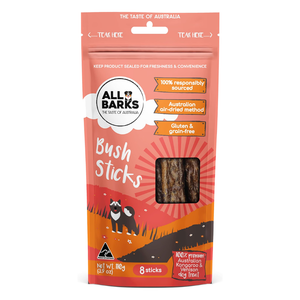 A package of All Barks Bush Sticks dog treats, featuring a resealable stand-up pouch in coral, orange, and red with illustrations of two black cats and a clear window showing the brown sticks inside.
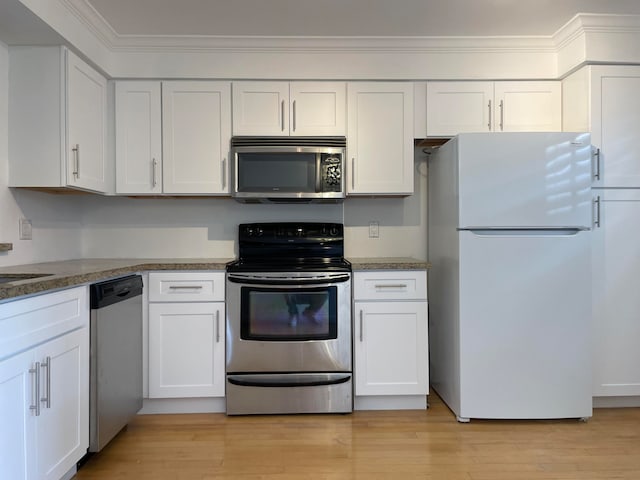 kitchen with appliances with stainless steel finishes, light hardwood / wood-style floors, white cabinets, and ornamental molding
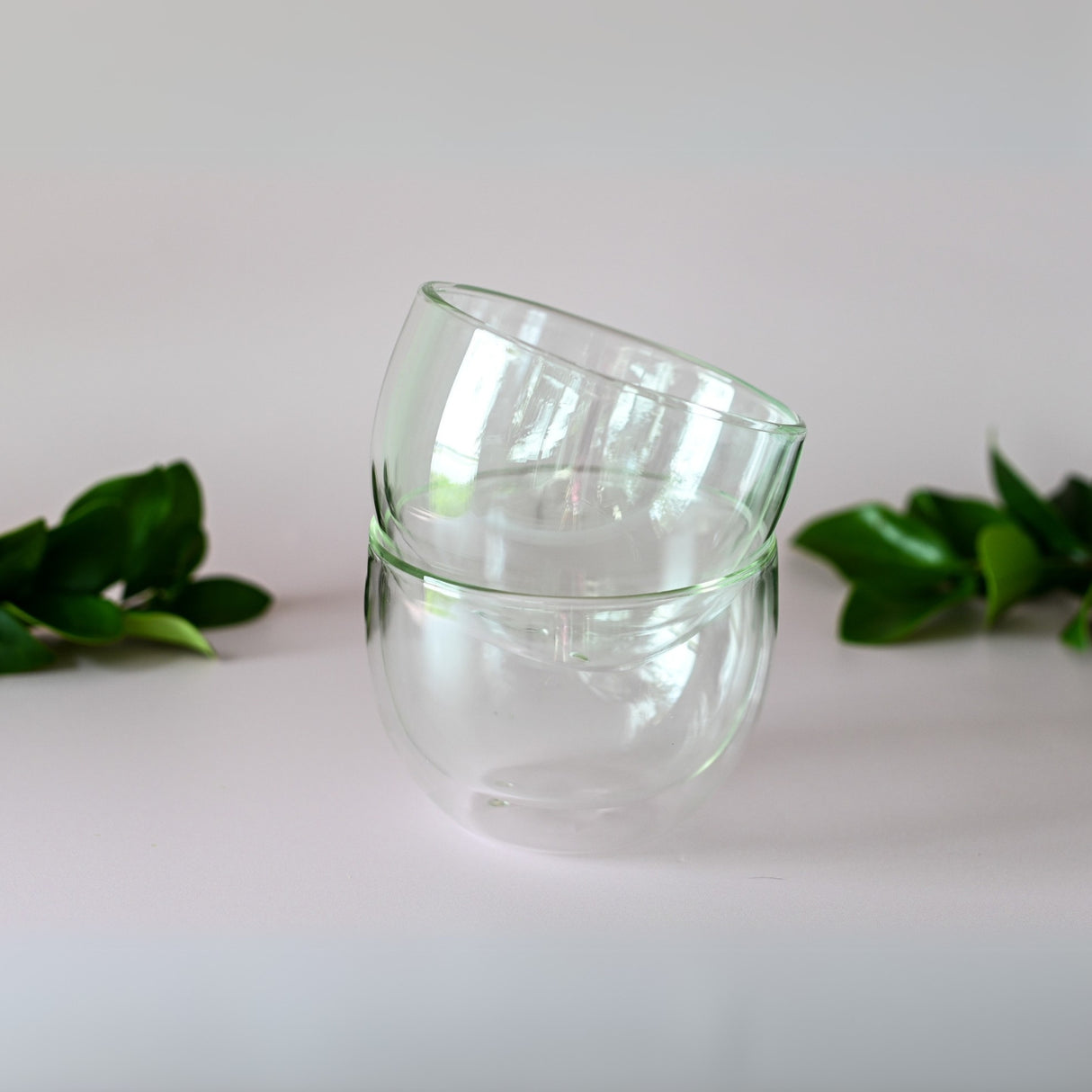 Two Double Sided Glass Bowls are stacked on a white surface, surrounded by green leaves, capturing the serene essence of matcha.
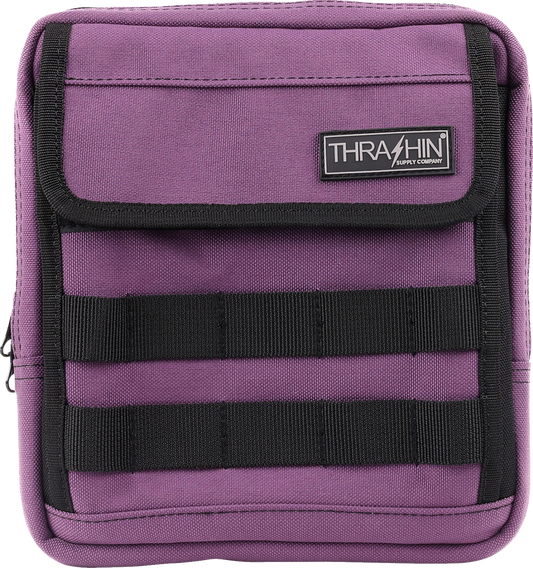 Purple Thrashin Supply Co. Handlebar Bag Slim for bikes, compact design with adjustable straps, ideal for cycling storage.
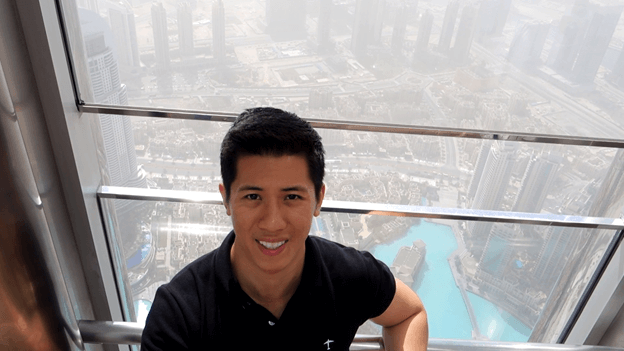 Man takes a selfie from a high observation deck overlooking the Dubai cityscape and a turquoise lake.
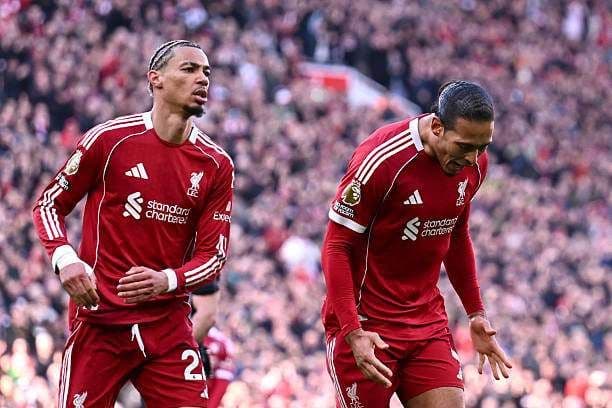 Hai cầu thủ Liverpool trên sân cỏ, thể hiện cảm xúc sau một trận đấu Ngoại Hạng Anh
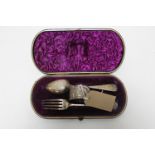 A cased silver fork and spoon with napkin ring,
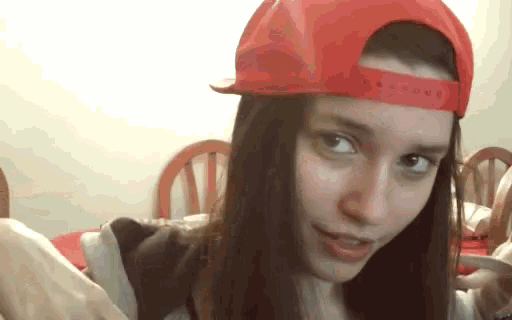 a girl wearing a red baseball cap looks at the camera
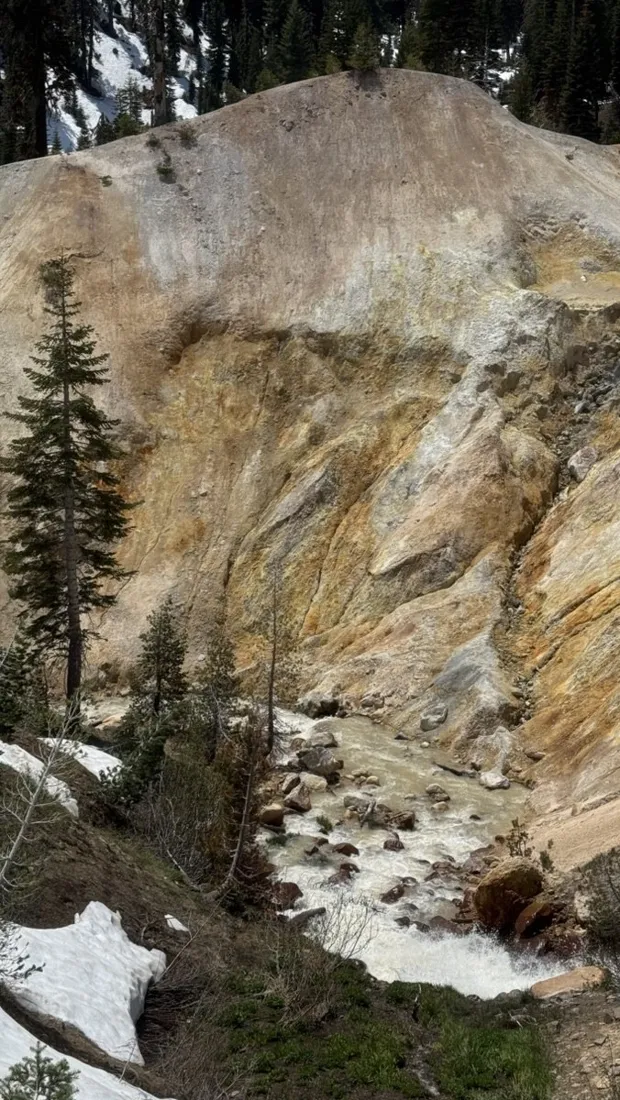 Yellow sulphur cliffs steaming beside the road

################

### TASK
Lines from the one that holds "Hai cầu thủ" through the final line of the material are to be duplicated exactly; no pictures belong in the copy.

### RESULT OF THE EXERCISE
 Hai cầu thủ Liverpool trên sân cỏ, thể hiện cảm xúc sau một trận đấu Ngoại Hạng Anh
 A cased silver fork and spoon with napkin ring,
 a girl wearing a red baseball cap looks at the camera
 Yellow sulphur cliffs steaming beside the road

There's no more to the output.